THE DATA:
--

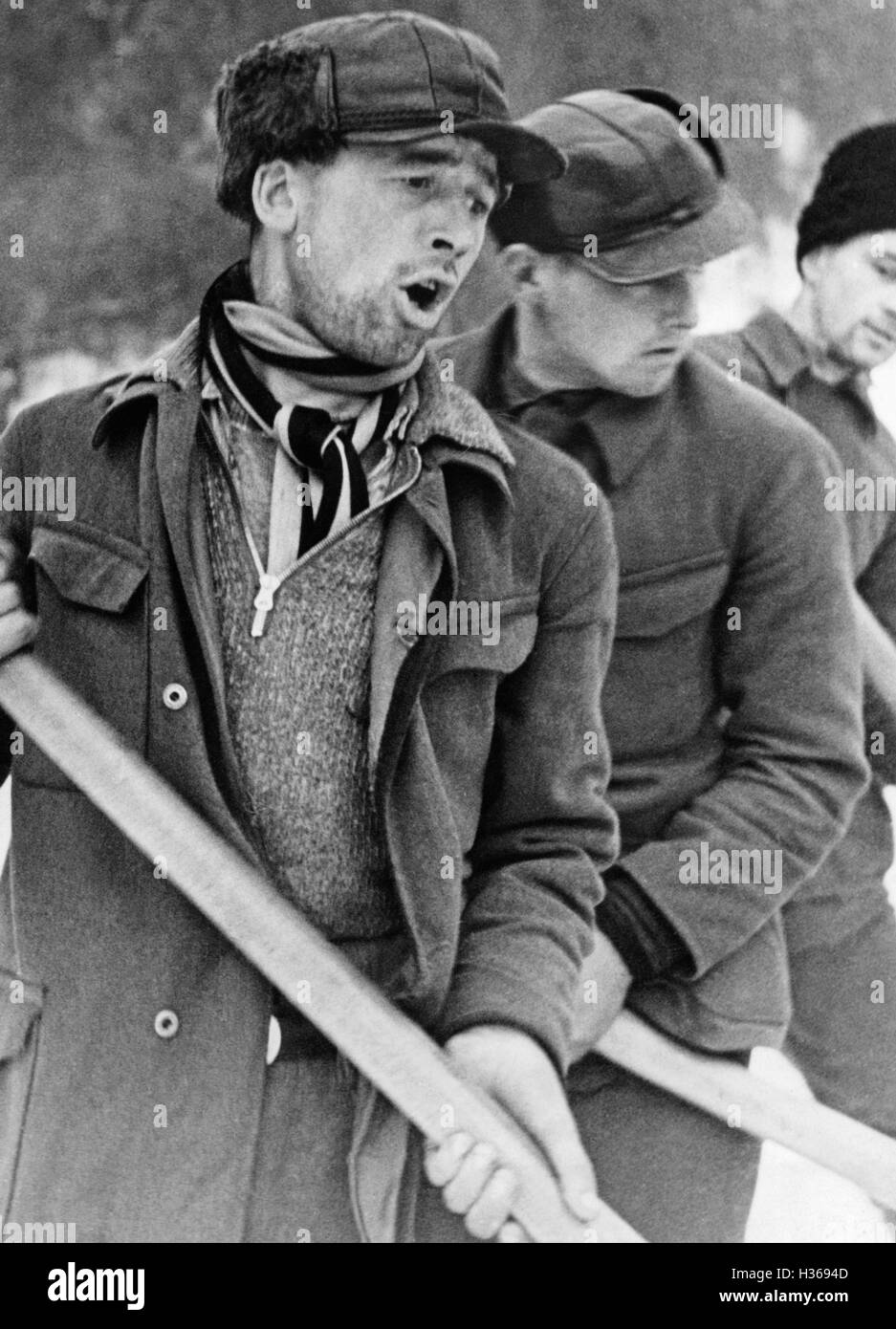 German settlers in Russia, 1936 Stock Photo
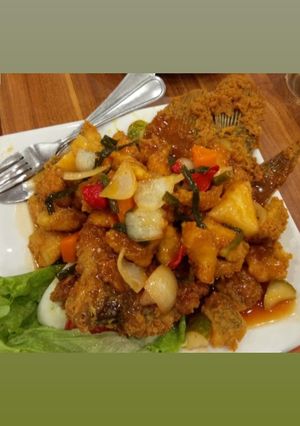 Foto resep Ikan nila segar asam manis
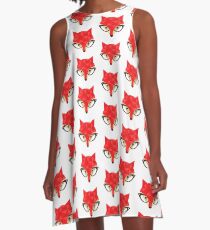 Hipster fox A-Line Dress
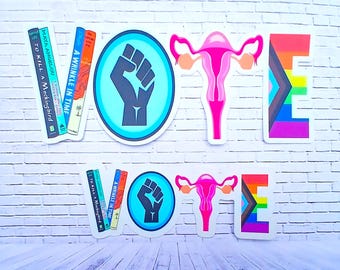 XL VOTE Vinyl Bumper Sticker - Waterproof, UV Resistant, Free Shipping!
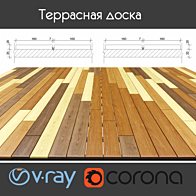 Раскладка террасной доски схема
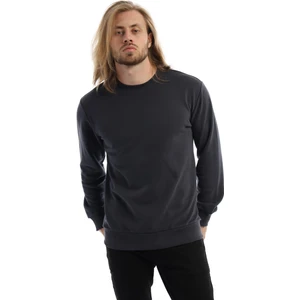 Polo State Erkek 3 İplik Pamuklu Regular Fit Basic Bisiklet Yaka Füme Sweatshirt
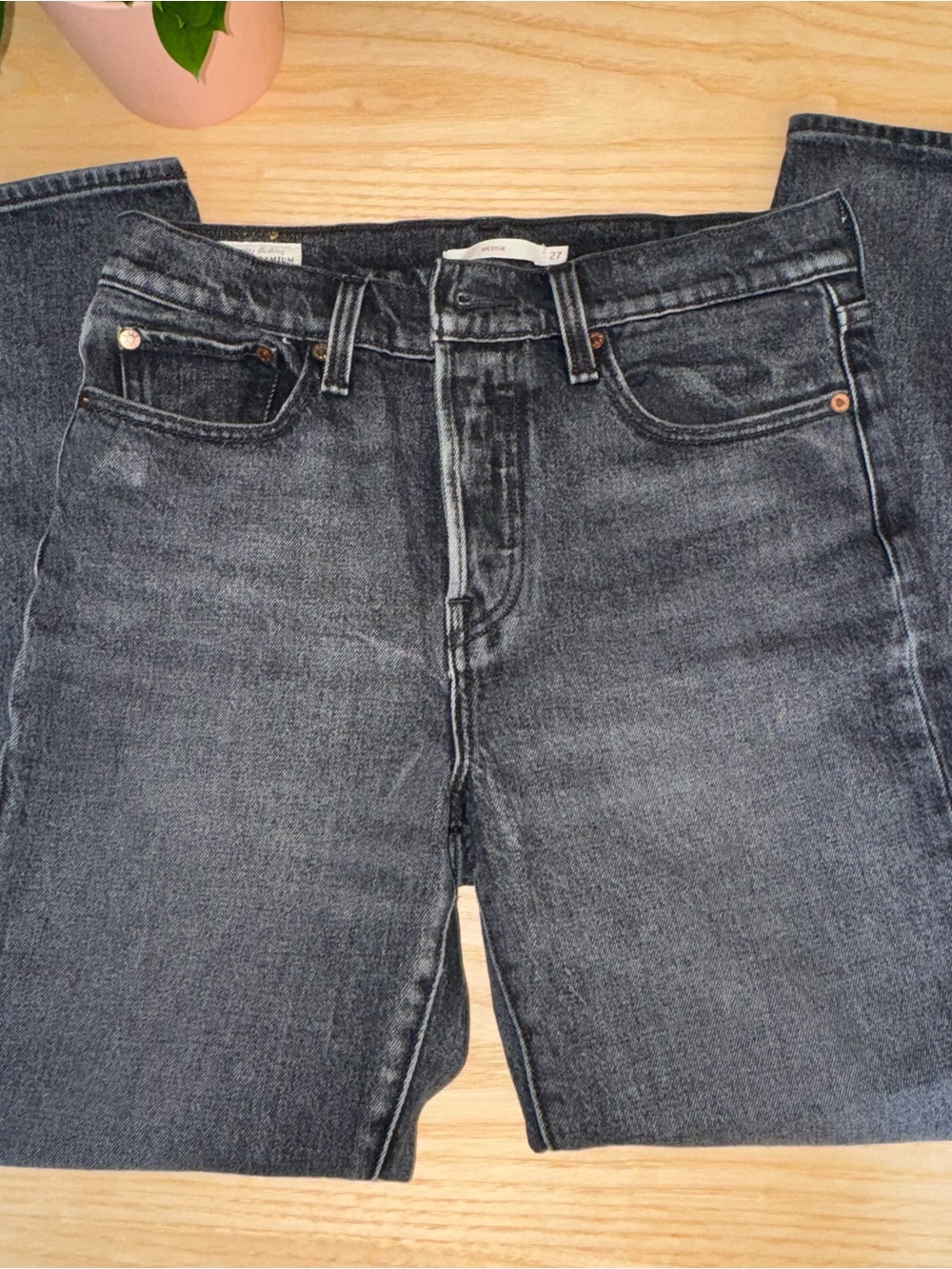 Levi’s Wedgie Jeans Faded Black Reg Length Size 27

--

PROBLEM DETAILS:
Type the entries again verbatim. Any pictures should be skipped.

ANSWER AREA:
 German settlers in Russia, 1936 Stock Photo
 Foto resep Ikan nila segar asam manis
 Hipster fox A-Line Dress
 XL VOTE Vinyl Bumper Sticker - Waterproof, UV Resistant, Free Shipping!
 Раскладка террасной доски схема
 Polo State Erkek 3 İplik Pamuklu Regular Fit Basic Bisiklet Yaka Füme Sweatshirt
 Levi’s Wedgie Jeans Faded Black Reg Length Size 27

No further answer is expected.